▶ [HOW TO COMPLETE THIS TASK]: What you write must be the lines from the one holding "Genç bir Arap, yatağının" through the final line of the records below, reproduced exactly, minus the pictures.

——————

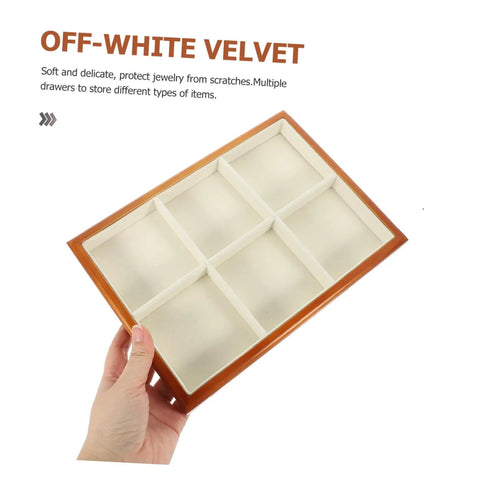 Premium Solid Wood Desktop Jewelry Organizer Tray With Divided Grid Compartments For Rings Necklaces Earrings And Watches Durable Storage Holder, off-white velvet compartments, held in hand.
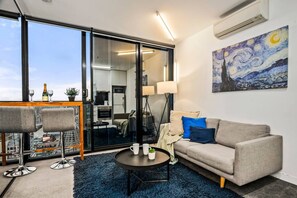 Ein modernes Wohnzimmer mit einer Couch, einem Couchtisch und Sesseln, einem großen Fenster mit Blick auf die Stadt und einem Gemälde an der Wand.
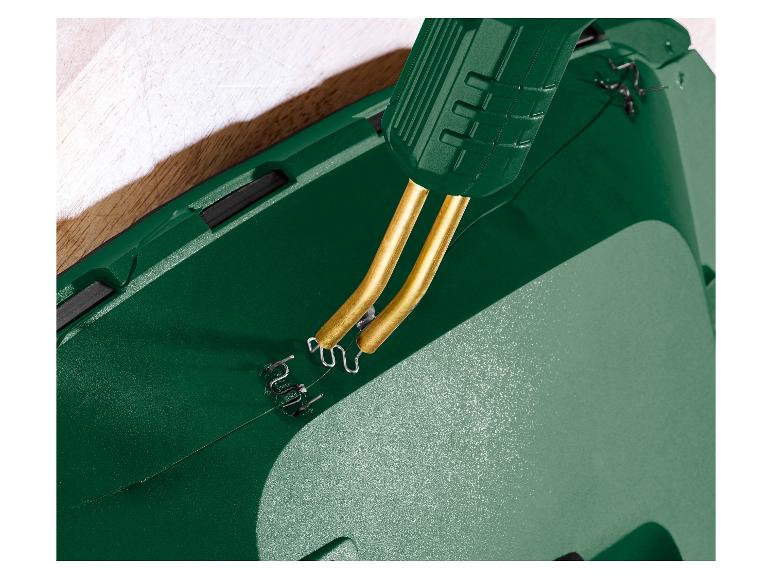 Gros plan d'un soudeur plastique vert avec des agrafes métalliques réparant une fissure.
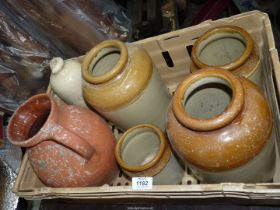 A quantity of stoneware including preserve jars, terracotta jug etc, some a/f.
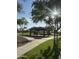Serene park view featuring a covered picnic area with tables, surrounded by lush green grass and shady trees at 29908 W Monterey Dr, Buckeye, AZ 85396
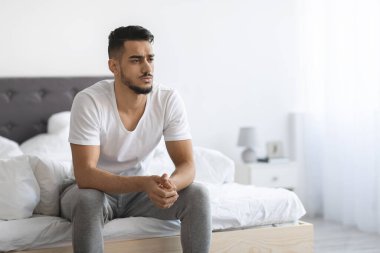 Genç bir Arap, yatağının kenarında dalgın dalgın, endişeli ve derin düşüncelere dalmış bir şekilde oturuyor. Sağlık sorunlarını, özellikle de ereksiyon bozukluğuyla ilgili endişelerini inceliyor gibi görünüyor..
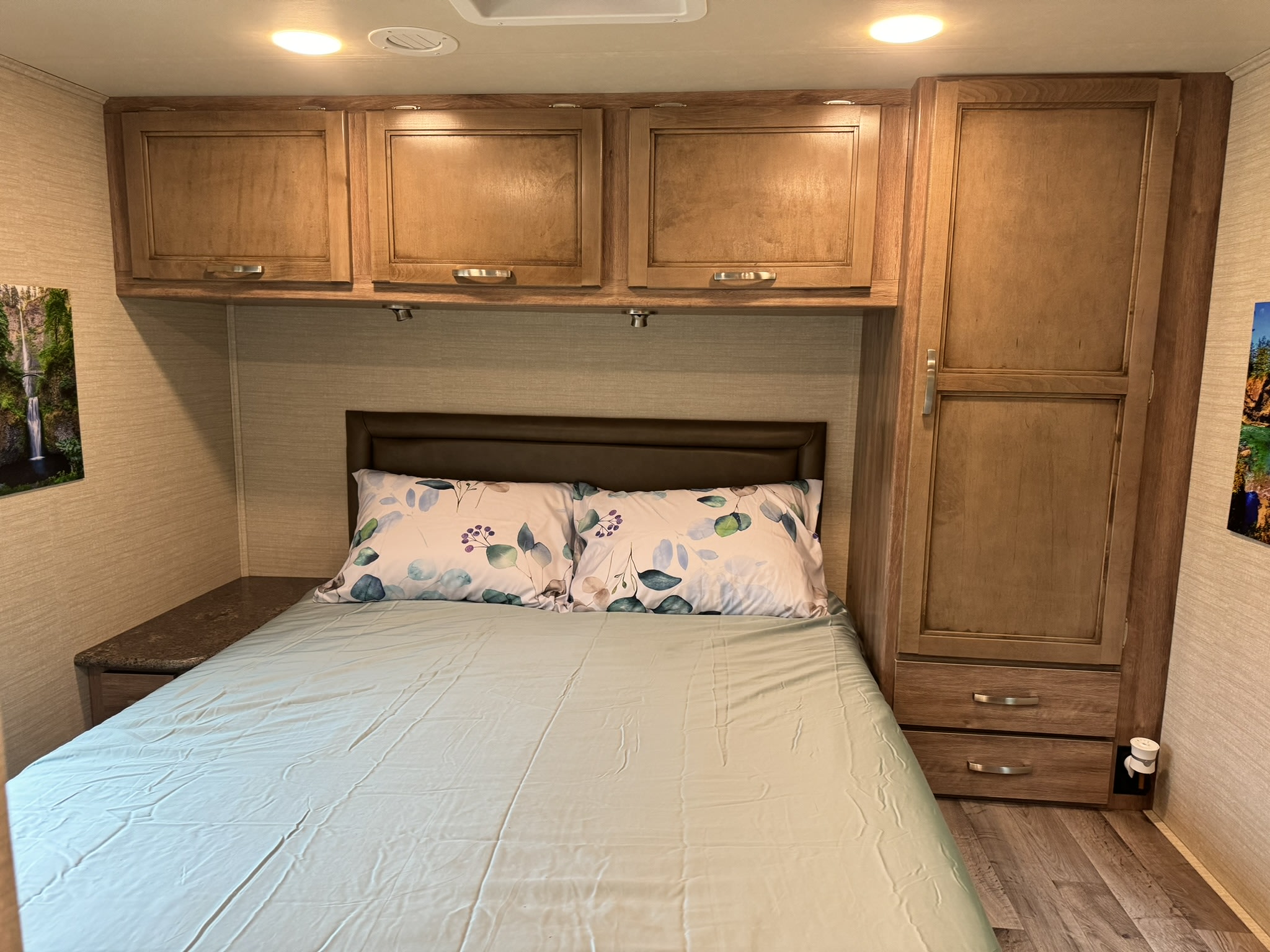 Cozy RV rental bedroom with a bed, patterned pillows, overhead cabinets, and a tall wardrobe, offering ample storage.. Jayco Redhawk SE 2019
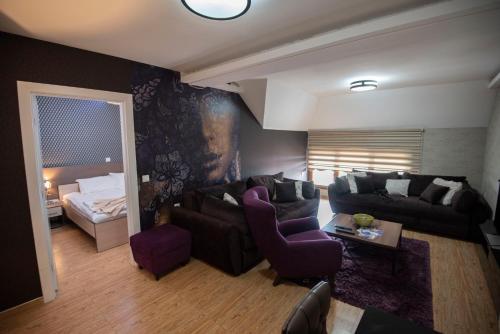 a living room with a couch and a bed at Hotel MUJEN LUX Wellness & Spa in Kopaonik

——————

▶ [TASK SOLUTION]:
 Genç bir Arap, yatağının kenarında dalgın dalgın, endişeli ve derin düşüncelere dalmış bir şekilde oturuyor. Sağlık sorunlarını, özellikle de ereksiyon bozukluğuyla ilgili endişelerini inceliyor gibi görünüyor..
 Cozy RV rental bedroom with a bed, patterned pillows, overhead cabinets, and a tall wardrobe, offering ample storage.. Jayco Redhawk SE 2019
 a living room with a couch and a bed at Hotel MUJEN LUX Wellness & Spa in Kopaonik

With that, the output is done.